【深掘り「鎌倉殿の13人」】無念の思いを抱きながら、北条時政に消された武将3選
大河ドラマ「鎌倉殿の13人」では、北条時政は政敵の武将を次々と殺害している。代表的な3人の武将を取り上げ、詳しく掘り下げてみよう。
■梶原景時
梶原景時は「讒言魔」といわれており、武将の間の評判がすこぶる悪かった。かの源義経が兄の頼朝に討伐されたのは、景時の讒言が原因だったといわれている。
正治元年(1199)10月、景時は結城朝光に「謀反の意がある」と讒言した。しかし、この讒言は御家人らの支持を得ることができず、かえって景時は窮地に立たされた。
翌年2月、鎌倉を追放された景時は、ついに一族もろとも討伐された。時政は景時の弾劾状に署名をしていないが、背後で暗躍していたのは明らかである。
■比企能員
比企能員は2代将軍・源頼家の乳父として、大いに権勢を振るっていた。しかし、頼家が危篤になると、時政は頼家の権限を一幡(頼家の嫡男)、千幡(実朝:頼家の弟)に分割して相続させてはどうかと能員に提案した。
能員は時政の提案を拒否したので、両者の対立は決定的になった。建仁3年(1203)9月、時政は能員を自邸に招くと殺害した。その直後、一幡が住んでいた小御所にも軍勢を送り込み、比企一族もろとも滅亡に追い込んだ。

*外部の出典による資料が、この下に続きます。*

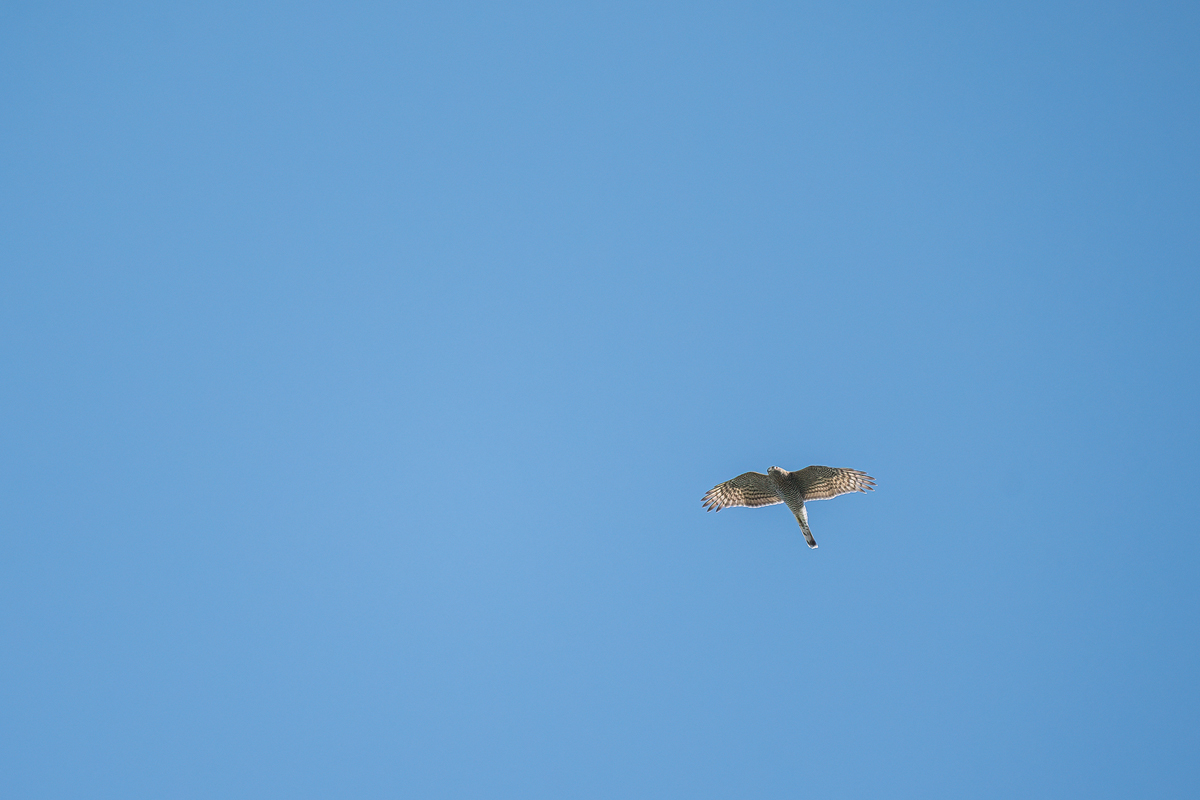 20260829-100629-020-(HL)-MWeiler-Kuhwiese-Sperber-Accipiter-nisus.jpg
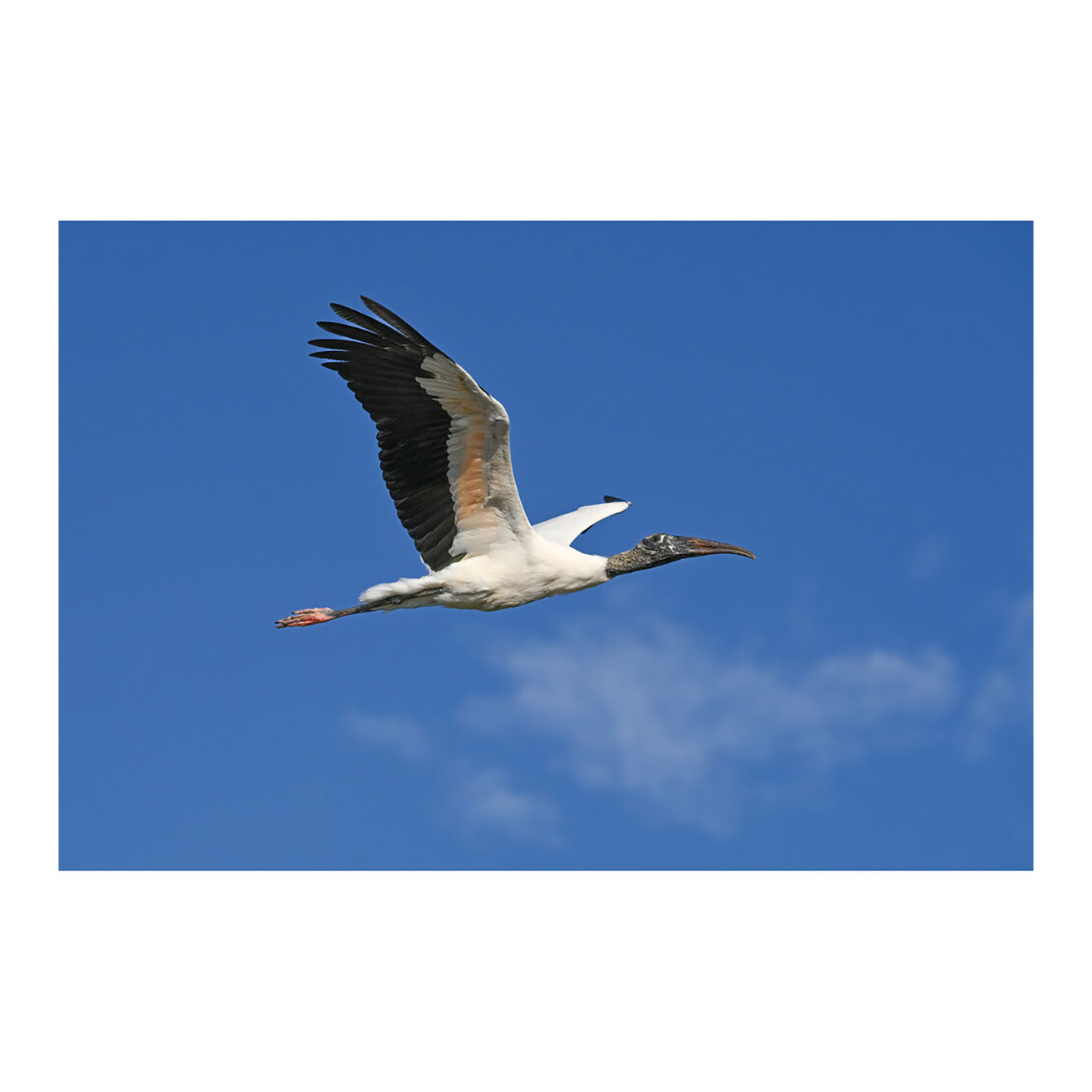 Nikon Z6 III Mirrorless Camera - Image 28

比企一族の討伐後、時政は満を持したかの如く、千幡を新将軍として擁立した。これにより時政は、鎌倉幕府に確固たる地位を築くことに成功したのである。
■源頼家
2代将軍・頼家は、父・頼朝の死後に跡を継いだが、なかなか扱いにくい人間だった。バックには乳父の比企能員がついていたので、時政と対立するようになり、ことは次第に面倒なことになっていった。
建仁3年(1203)7月、頼家は病に伏した。時政は頼家が回復しないと勝手に決めつけ、朝廷に頼家が死んだこと、後継者に千幡を据えたいと申し出、それは認められた。そして、比企能員を殺害し、比企一族を滅亡に追い込んだのである。
その直後、頼家は奇跡的に回復したが、そのまま伊豆の修禅寺に幽閉された。翌年7月、頼家は修禅寺で殺害されたが、犯人は時政と義時の2つの説がある。頼家の死後、時政は大江広元ともに政所別当に就任し、権勢を振るうようになったのである。
■まとめ
時政は頼朝の義父として台頭し、やがて御家人のなかでも突出する存在となった。そのためには、次々と政敵を葬り去らねばならなかった。とはいえ、のちに時政も失脚するのだが・・・。